Abbey Lincoln stars as Ivy, a young housekeeper for an affluent white family. After announcing her wish to take leave of the Austin’s, grown children Gena (Lauri Peters) and Tim (Beau Bridges) panic, devising a plot to set Ivy up with a beau so she’ll stay on rather than pursuing a secretarial degree in New York City. Approaching Jack Parks (Sidney Poitier) into taking Ivy on a date after convincing the man, who works as an executive for their father’s (Carroll O’Connor) trucking company, it will be a wise career movie, the two eventually hit it off despite their differing levels of sophistication. However, Ivy soon learns of the scheme while Jack faces heat for an illegal night-time operation he oversees using the company’s trucks.
Featuring a soundtrack from Quincy Jones (who was nominated for an Oscar here), and a supporting cast which includes “All in the Family” star Carroll O’Connor (in a minor role) and a young Beau Bridges (Golden Globe nominated) as a privileged, meddling twentysomething, perhaps the best reason to revisit Ivy is for a chance to see famed jazz vocalist Abbey Lincoln in a Golden Globe nominated performance (though a better, grittier film is 1964’s Nothing But a Man) as the sympathetic title character, a maid for a white family attempting to better herself by leaving the comforts (and complacency) of their home. While the film does try to give us a side of Poitier we don’t see (especially as this came a year after his iconic role as the squeaky-clean genius academic in Guess Who’s Coming to Dinner?) since he runs an illegal gambling racket at night in the backs of elaborate big-rigs, the actor’s presence tends to negate any semblance of actual wrong-doing.

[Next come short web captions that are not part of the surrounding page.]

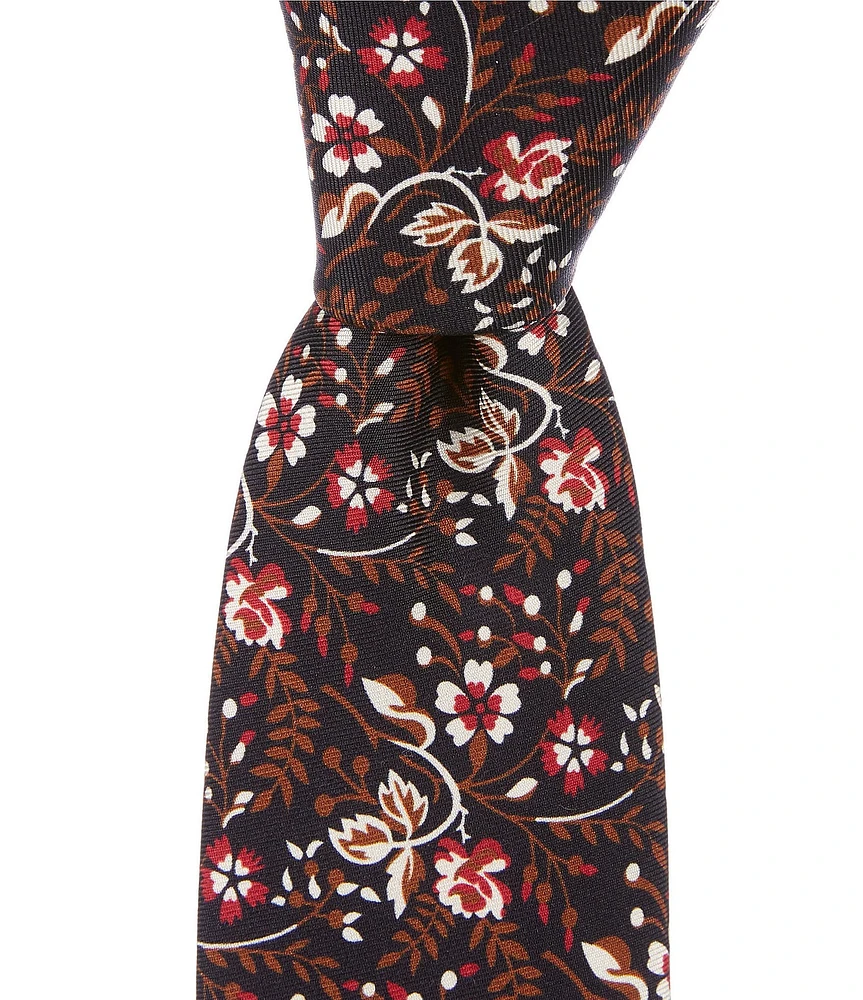 Original Penguin Mendel Floral 2 1/2#double; Woven Silk Tie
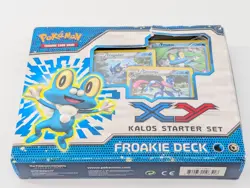 Pokemon XY Froakie Kalos 60-Card Starter Deck w Legendary Treasures Booster Pack - Image 1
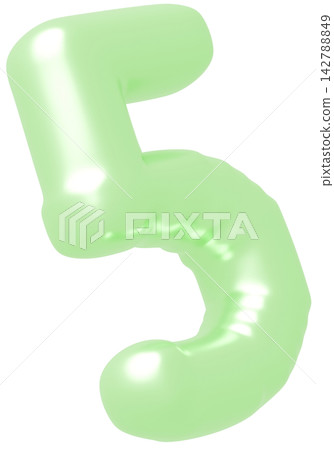 3D image_balloon_5_黃綠色 3D image_balloon_5_黃綠色 142788849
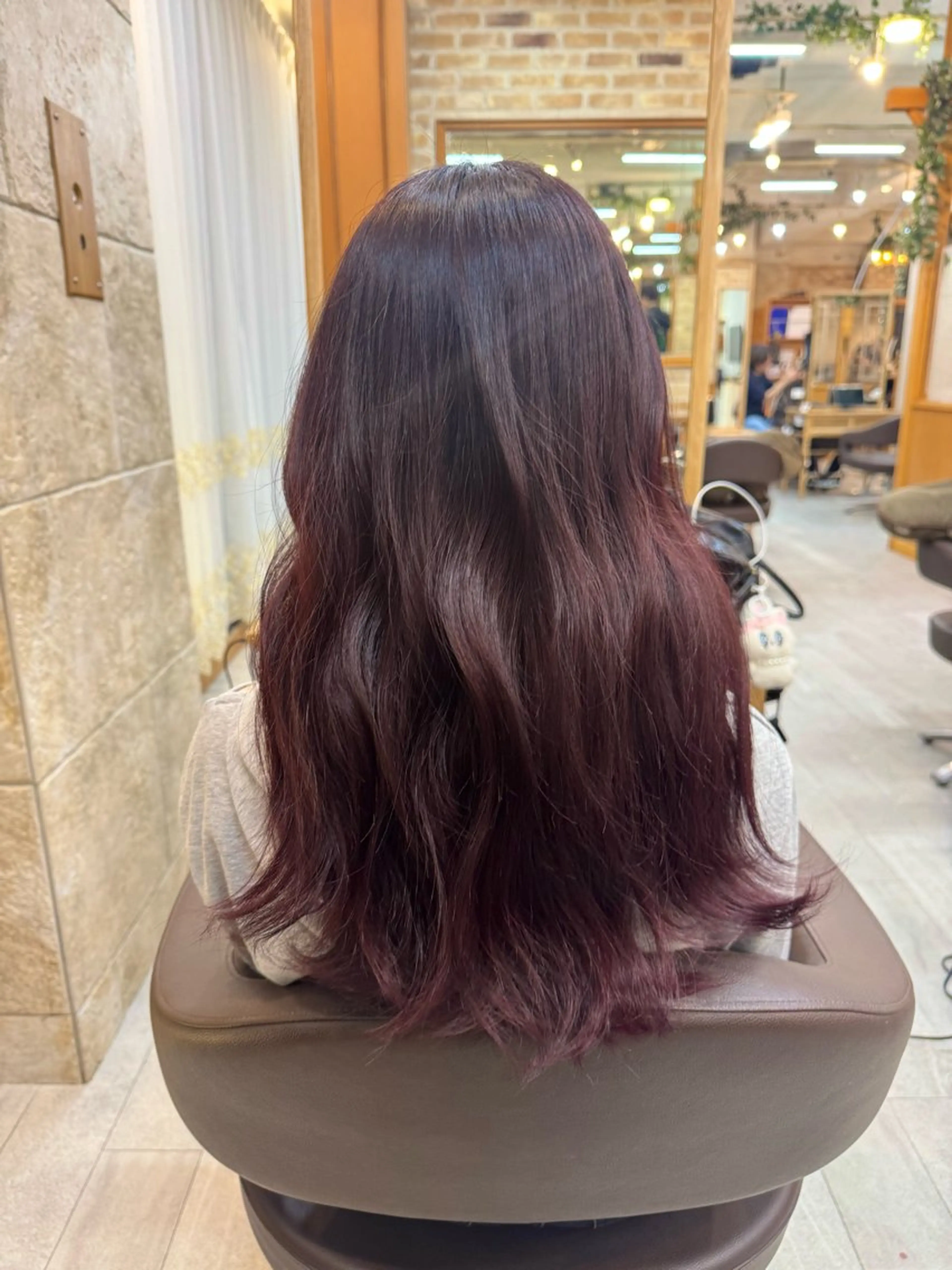 セミロング ヘアカラー 細矢 翔太のヘアスタイル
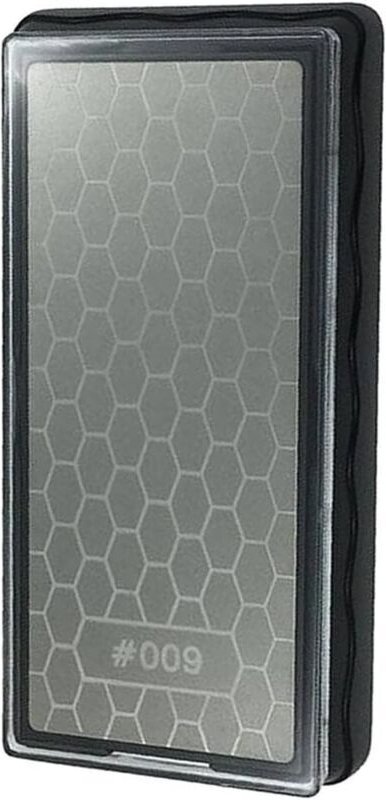 CPSARKV Doppelseitiger Diamant-Schärfstein, wabenförmige Oberflächenplatte mit rutschfester Unterseite für Scherenmesser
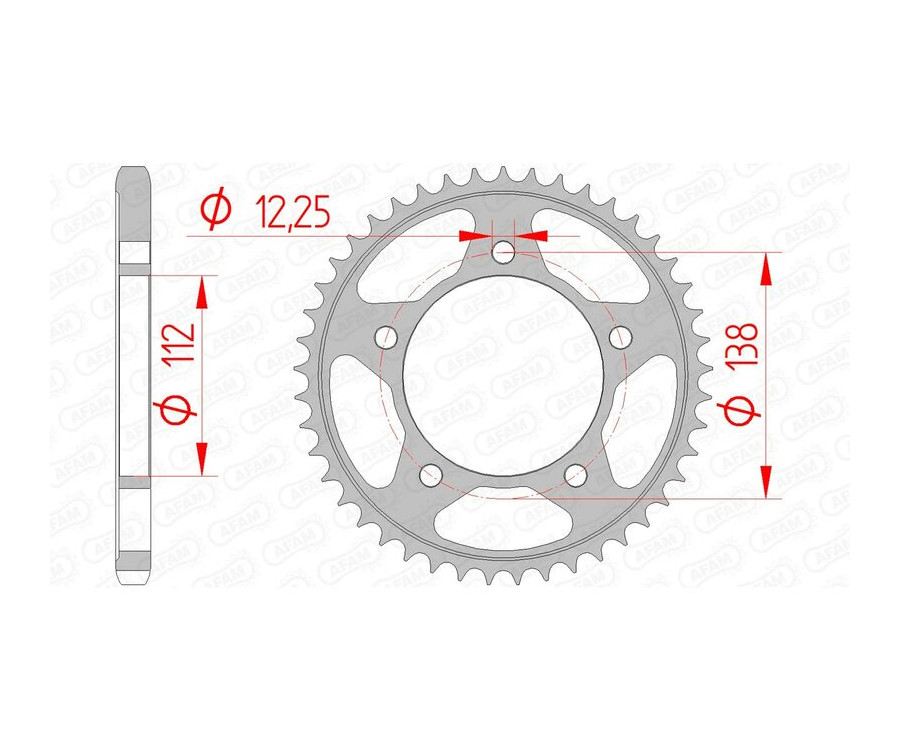 Couronne AFAM acier standard 10613 - 525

What’s most irritating is having to watch two first-rate performers waddle around in the prose of this white perspective—after all, their ‘one-of-a-kind’ romance, as it’s described, is at the behest of the progressive whites they’re ‘lucky’ enough to be working for—and their romance is meant as a tool to keep Ivy in her place in the white family’s kitchen. Of course, the assumption of the children, that they just need to find a certain ‘kind’ of black man to romance their maid, is nothing new from the viewpoint of the heteronormative majority (the tactic continued to be used in celebrated film narratives decades later, as the same kind of demeaning set-up accompanies the Alfre Woodard/Danny Glover narrative of Lawrence Kasdan’s 1991 film Grand Canyon).
Kino Lorber presents For Love of Ivy in 1.85:1. Picture and sound quality are serviceable in this Blu-ray update of Daniel Mann’s title. No extra features are included in the packaging.